Once neural networks became deep, computers suddenly became good at things they were historically terrible at: vision, speech, and language. This shift is what led to modern breakthroughs like voice assistants, facial recognition, and language models such as ChatGPT.
In other words, Deep Learning is the reason modern AI feels so human-like.

Generative AI
Shortly put: from analyzing to creating :)
For a long time, AI systems focused on recognizing, predicting, and classifying. Then came a major shift.
Instead of just analyzing existing data, AI systems began creating new content.
This is known as Generative AI.
These systems can generate text, images, music, code, and more.
They don’t retrieve pre-written answers, they generate original outputs based on what they’ve learned.
This is the category that sparked the current wave of public excitement around AI.
Large Language Models (LLMs)
Again shortly put: AI that works with language. Your favorite ChatGPT, Claude, and Gemini.
Within Generative AI, Large Language Models focus specifically on text.
LLMs are trained on massive amounts of written language.
They learn grammar, context, and meaning by predicting the next word in a sentence, repeatedly, at enormous scale.
They can write articles, summarize documents, answer questions, and help with programming not because they understand language like humans do, but because they’ve learned its patterns extremely well.
Chatbots
One final piece often gets mixed in with everything else: chatbots.
A chatbot is simply the interface that allows humans to interact with an AI system through conversation.
It’s not the intelligence itself.
The screen that you see when you open ChatGPT is a chatbot
What is ChatGPT?
ChatGPT is a chatbot, meaning it’s the conversational interface you interact with, but the intelligence behind it comes from something deeper.
Under the hood, ChatGPT is powered by a LLM a type of AI model trained using deep learning techniques on massive amounts of text so it can understand and generate human-like language.
So, ChatGPT is not “the AI itself,” but a product built on top of an LLM.
Large Language Models are just one category of modern AI models, others include computer vision models (for images and video), speech and audio models (for voice and sound), recommendation and prediction models (used in search, ads, and personalization), and reinforcement learning models (used in robotics and game-playing systems).
Putting it all together
AI is the umbrella term we use when something feels intelligent.
Machine Learning and Deep Learning describe how that intelligence is created (feeding the models with a lot of patterned data).
Generative AI explains what the system can do, create new content.
Large Language Models specialize in text.
Chatbots are how we talk to all of it.
When people casually say “AI,” they’re not wrong, they’re just speaking at a higher level.
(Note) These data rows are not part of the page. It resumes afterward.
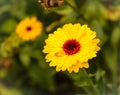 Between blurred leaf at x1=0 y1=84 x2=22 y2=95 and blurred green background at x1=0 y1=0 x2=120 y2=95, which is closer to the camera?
blurred green background at x1=0 y1=0 x2=120 y2=95

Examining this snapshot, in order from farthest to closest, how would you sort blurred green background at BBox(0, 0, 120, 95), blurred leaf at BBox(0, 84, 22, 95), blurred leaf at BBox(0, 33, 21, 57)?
1. blurred leaf at BBox(0, 84, 22, 95)
2. blurred green background at BBox(0, 0, 120, 95)
3. blurred leaf at BBox(0, 33, 21, 57)

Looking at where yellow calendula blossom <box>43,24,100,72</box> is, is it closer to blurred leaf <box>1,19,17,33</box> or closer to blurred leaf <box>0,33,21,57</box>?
blurred leaf <box>0,33,21,57</box>

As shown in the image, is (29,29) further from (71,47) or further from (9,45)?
(71,47)

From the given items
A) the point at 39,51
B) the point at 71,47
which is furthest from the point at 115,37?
the point at 71,47

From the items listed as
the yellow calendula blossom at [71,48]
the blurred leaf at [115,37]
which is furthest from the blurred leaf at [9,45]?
the yellow calendula blossom at [71,48]

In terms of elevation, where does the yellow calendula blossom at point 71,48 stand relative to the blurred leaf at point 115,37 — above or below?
below

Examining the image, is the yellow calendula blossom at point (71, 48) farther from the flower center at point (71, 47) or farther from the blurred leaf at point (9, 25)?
the blurred leaf at point (9, 25)

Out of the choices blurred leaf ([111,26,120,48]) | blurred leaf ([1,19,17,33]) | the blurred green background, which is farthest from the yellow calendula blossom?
blurred leaf ([1,19,17,33])
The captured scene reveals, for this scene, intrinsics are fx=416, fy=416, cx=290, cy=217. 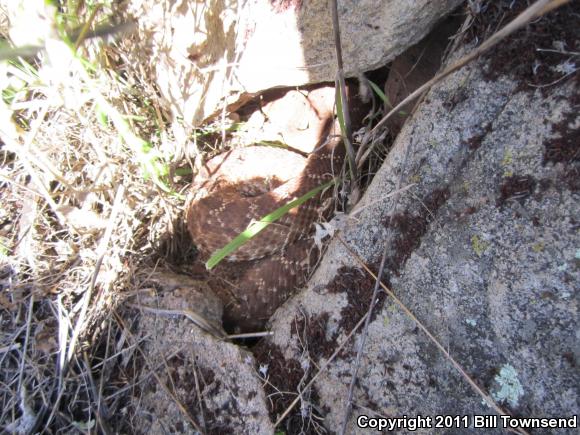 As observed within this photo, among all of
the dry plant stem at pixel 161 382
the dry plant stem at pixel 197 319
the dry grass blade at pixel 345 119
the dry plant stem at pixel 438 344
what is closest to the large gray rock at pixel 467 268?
the dry plant stem at pixel 438 344

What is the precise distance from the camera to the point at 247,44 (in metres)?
2.07

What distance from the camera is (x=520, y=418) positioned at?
1.16 metres

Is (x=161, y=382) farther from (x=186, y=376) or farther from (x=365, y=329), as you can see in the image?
(x=365, y=329)

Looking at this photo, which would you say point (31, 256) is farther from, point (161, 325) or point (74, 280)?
point (161, 325)

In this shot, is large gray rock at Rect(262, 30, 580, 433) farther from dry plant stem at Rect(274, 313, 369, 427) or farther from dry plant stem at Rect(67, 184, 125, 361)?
dry plant stem at Rect(67, 184, 125, 361)

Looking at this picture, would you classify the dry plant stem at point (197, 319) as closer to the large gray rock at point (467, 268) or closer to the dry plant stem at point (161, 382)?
the dry plant stem at point (161, 382)

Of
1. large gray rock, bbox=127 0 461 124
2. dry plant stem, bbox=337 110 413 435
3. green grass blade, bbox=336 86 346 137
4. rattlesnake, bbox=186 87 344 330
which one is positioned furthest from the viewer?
rattlesnake, bbox=186 87 344 330

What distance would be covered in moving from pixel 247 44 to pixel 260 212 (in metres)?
0.84

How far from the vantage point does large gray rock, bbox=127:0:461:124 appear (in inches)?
70.2

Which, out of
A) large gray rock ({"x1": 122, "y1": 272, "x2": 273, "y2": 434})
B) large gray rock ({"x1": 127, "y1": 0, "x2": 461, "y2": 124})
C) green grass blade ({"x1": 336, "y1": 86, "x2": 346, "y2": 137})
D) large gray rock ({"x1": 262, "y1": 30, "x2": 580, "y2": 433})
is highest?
large gray rock ({"x1": 127, "y1": 0, "x2": 461, "y2": 124})

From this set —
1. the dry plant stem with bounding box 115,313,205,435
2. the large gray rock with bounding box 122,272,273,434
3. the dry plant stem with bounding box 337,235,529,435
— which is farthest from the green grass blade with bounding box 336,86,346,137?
the dry plant stem with bounding box 115,313,205,435

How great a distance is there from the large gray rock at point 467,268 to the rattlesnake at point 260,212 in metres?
0.32

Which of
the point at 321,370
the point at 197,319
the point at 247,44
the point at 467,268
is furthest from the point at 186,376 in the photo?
the point at 247,44

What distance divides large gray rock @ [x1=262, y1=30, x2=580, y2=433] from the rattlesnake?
12.6 inches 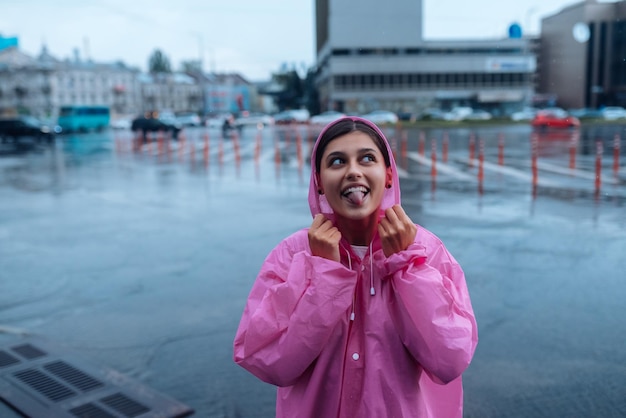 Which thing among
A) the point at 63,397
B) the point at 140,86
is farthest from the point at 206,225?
the point at 140,86

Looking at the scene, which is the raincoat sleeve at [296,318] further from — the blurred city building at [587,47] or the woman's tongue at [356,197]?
the blurred city building at [587,47]

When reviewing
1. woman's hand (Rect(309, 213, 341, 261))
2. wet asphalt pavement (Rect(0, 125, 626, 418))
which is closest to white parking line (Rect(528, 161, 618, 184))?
wet asphalt pavement (Rect(0, 125, 626, 418))

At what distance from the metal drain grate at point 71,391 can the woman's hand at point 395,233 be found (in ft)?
8.53

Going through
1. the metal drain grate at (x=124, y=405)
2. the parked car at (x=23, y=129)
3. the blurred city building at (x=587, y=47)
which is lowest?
the metal drain grate at (x=124, y=405)

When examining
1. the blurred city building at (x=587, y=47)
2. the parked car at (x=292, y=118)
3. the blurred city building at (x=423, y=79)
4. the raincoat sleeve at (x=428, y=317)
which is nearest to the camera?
the raincoat sleeve at (x=428, y=317)

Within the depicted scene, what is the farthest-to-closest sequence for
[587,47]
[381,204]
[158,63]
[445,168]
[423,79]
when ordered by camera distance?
[158,63] → [423,79] → [445,168] → [587,47] → [381,204]

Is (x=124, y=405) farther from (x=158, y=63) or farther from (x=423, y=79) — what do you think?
(x=158, y=63)

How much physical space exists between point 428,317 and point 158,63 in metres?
133

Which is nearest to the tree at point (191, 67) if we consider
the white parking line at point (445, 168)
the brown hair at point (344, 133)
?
the white parking line at point (445, 168)

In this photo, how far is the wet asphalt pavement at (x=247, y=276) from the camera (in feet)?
14.6

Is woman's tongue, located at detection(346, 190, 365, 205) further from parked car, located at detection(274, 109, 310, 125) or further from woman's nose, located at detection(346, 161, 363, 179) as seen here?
parked car, located at detection(274, 109, 310, 125)

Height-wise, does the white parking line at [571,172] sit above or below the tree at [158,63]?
below

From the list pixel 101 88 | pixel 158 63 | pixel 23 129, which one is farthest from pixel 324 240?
pixel 158 63

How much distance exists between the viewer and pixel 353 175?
202cm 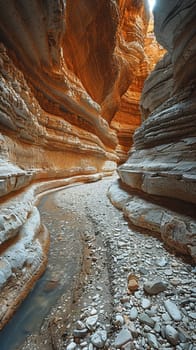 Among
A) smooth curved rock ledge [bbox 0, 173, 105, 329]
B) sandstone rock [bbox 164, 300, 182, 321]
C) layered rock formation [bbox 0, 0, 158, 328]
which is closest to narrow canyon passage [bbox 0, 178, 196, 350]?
sandstone rock [bbox 164, 300, 182, 321]

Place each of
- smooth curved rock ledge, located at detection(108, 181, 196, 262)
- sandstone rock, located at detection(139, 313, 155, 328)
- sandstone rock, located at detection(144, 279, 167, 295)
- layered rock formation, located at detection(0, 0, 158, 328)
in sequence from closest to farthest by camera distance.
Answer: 1. sandstone rock, located at detection(139, 313, 155, 328)
2. sandstone rock, located at detection(144, 279, 167, 295)
3. smooth curved rock ledge, located at detection(108, 181, 196, 262)
4. layered rock formation, located at detection(0, 0, 158, 328)

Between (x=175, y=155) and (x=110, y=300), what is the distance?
238cm

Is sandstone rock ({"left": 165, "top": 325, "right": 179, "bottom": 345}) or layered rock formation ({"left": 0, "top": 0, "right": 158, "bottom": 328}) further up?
layered rock formation ({"left": 0, "top": 0, "right": 158, "bottom": 328})

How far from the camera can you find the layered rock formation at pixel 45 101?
2134mm

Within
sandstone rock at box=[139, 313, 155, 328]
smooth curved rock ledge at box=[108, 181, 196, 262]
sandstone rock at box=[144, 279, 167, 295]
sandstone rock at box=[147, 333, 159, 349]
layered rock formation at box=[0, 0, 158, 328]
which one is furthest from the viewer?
layered rock formation at box=[0, 0, 158, 328]

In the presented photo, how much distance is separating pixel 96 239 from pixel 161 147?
2.29 m

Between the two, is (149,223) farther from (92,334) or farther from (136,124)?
(136,124)

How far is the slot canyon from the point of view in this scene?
1.29 meters

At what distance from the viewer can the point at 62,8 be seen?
14.0 feet

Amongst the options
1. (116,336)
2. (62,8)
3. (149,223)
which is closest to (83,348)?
(116,336)

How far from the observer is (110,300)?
4.96 ft

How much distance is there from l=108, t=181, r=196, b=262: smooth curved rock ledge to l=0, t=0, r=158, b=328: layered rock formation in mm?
1636

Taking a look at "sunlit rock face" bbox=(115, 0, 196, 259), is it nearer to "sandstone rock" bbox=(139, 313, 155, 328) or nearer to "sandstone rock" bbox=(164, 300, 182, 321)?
"sandstone rock" bbox=(164, 300, 182, 321)

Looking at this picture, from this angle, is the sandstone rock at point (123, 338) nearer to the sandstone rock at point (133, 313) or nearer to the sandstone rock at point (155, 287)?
the sandstone rock at point (133, 313) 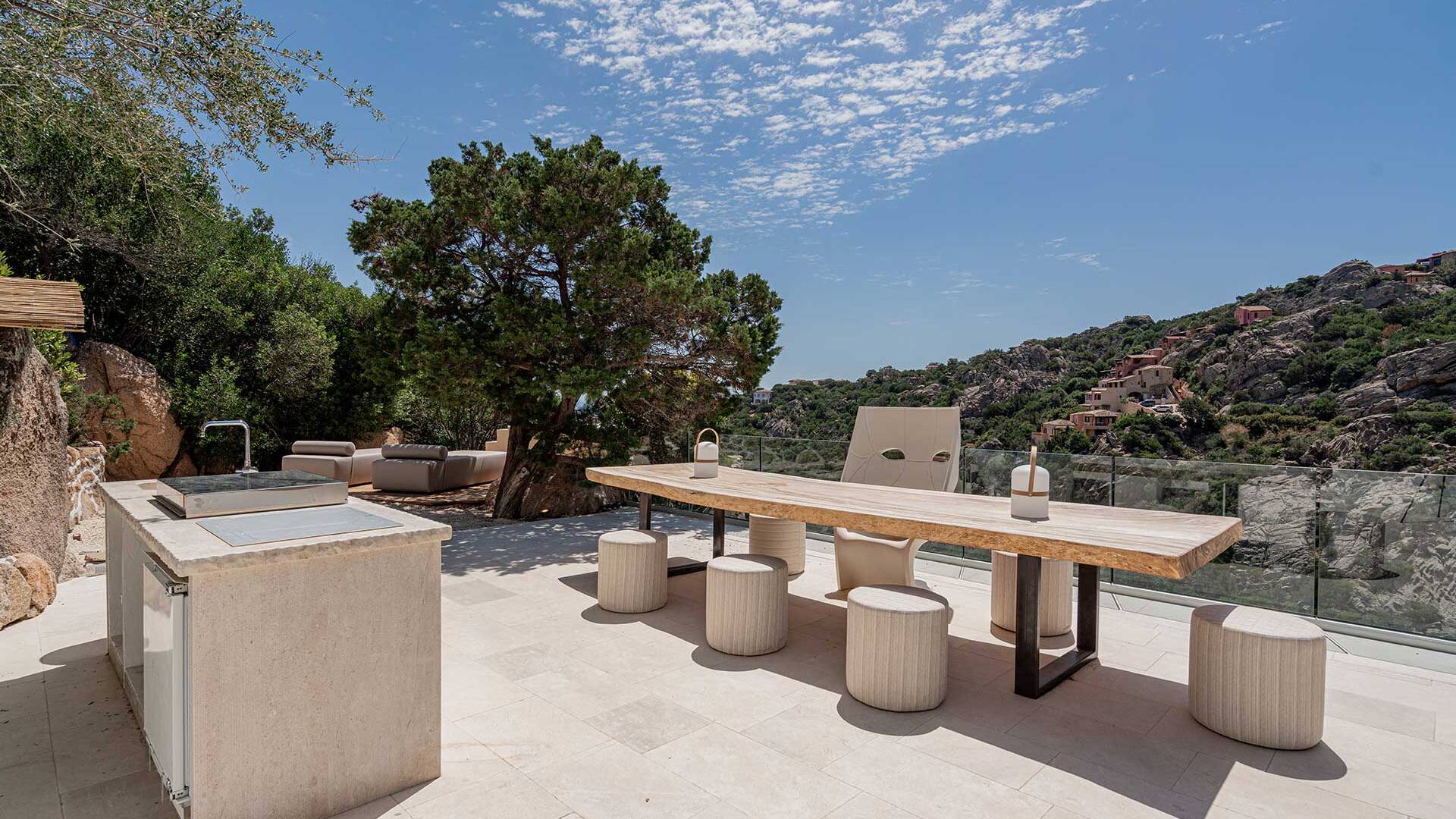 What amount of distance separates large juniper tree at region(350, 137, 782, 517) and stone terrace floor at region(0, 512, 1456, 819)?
3.56m

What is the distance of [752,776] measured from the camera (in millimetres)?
2135

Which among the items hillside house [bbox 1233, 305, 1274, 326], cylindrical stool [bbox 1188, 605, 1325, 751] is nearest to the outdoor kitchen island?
cylindrical stool [bbox 1188, 605, 1325, 751]

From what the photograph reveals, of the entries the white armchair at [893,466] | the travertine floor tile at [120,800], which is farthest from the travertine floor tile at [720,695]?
the travertine floor tile at [120,800]

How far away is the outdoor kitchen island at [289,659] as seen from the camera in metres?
1.67

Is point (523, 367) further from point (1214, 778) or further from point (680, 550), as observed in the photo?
point (1214, 778)

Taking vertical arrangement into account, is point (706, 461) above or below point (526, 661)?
above

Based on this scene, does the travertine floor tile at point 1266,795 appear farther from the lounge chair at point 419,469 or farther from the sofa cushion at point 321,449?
the sofa cushion at point 321,449

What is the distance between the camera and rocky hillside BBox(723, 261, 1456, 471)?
1359cm

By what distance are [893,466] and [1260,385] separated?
60.2ft

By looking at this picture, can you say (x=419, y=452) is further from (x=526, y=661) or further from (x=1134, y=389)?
(x=1134, y=389)

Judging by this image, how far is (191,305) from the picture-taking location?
1063 centimetres

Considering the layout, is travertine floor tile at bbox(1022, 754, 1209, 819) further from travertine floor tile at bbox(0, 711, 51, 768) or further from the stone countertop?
travertine floor tile at bbox(0, 711, 51, 768)

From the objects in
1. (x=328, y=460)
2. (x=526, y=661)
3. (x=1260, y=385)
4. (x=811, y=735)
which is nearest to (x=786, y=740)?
(x=811, y=735)

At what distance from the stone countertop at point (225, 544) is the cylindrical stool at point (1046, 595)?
2916 mm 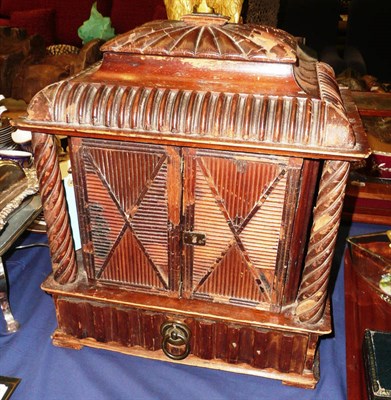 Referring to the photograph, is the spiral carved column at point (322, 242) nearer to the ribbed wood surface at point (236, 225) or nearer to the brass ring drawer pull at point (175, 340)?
the ribbed wood surface at point (236, 225)

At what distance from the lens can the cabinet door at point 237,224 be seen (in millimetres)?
1275

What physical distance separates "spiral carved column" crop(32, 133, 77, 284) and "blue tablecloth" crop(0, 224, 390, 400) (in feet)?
0.91

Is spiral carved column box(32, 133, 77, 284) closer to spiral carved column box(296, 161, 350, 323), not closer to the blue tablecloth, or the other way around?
the blue tablecloth

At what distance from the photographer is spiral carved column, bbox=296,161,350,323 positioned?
1229 millimetres

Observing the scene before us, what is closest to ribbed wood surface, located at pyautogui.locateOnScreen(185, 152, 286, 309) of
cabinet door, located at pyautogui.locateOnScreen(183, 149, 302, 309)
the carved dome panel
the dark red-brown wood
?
cabinet door, located at pyautogui.locateOnScreen(183, 149, 302, 309)

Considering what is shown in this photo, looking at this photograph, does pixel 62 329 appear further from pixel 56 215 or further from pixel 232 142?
pixel 232 142

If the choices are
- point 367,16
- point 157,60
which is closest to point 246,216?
point 157,60

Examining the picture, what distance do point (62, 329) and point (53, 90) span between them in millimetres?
802

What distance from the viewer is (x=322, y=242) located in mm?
1312

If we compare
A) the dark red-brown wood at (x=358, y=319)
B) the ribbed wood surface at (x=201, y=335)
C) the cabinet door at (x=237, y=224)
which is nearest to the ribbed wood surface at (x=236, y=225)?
the cabinet door at (x=237, y=224)

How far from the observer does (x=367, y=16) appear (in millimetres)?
4188

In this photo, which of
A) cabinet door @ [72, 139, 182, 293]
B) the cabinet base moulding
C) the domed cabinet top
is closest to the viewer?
the domed cabinet top

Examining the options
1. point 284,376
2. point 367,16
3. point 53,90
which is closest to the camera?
point 53,90

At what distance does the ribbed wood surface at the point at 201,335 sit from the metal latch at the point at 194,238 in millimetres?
257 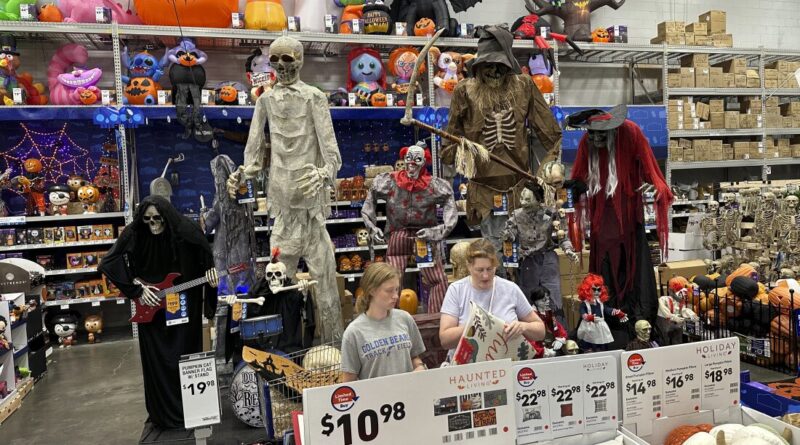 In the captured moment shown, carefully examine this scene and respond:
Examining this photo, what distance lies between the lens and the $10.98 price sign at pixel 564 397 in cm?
187

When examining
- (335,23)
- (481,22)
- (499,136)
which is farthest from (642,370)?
(481,22)

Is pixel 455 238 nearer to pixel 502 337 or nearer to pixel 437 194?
pixel 437 194

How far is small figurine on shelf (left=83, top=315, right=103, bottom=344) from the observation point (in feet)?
21.2

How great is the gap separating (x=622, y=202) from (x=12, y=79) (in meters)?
6.11

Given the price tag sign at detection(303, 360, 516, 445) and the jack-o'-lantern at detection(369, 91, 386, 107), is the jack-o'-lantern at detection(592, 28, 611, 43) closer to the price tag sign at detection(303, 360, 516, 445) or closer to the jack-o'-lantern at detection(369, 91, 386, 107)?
the jack-o'-lantern at detection(369, 91, 386, 107)

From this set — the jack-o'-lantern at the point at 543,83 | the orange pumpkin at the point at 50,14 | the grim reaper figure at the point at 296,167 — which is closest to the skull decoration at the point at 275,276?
the grim reaper figure at the point at 296,167

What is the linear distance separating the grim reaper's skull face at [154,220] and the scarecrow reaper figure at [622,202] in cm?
299

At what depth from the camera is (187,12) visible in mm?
6465

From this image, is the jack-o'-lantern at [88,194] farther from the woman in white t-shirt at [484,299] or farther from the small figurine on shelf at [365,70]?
the woman in white t-shirt at [484,299]

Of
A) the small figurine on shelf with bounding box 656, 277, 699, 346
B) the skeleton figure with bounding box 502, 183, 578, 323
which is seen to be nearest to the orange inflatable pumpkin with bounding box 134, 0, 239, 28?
the skeleton figure with bounding box 502, 183, 578, 323

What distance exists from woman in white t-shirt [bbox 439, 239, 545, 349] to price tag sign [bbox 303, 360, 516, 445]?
0.89 m

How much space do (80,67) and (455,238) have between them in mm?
4754

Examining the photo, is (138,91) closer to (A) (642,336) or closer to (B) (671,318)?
(A) (642,336)

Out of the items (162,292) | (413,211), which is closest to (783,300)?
(413,211)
We humans are following mental shortcuts but intrinsically all of us are "a little lazy".
We do this all the time.
We say “car” instead of listing the engine, transmission, electronics, and software working together.
We say “the internet” without thinking about cables, servers, protocols, and data centers spread across the world.
In the same way, “AI” has become a shorthand for an entire stack of technologies.
Most people aren’t talking about algorithms, training methods, or neural networks, they’re talking about the experience. If something talks, recommends, recognizes, or decides, we call it AI.
Over time, the umbrella term sticks, while the technical details fade into the background.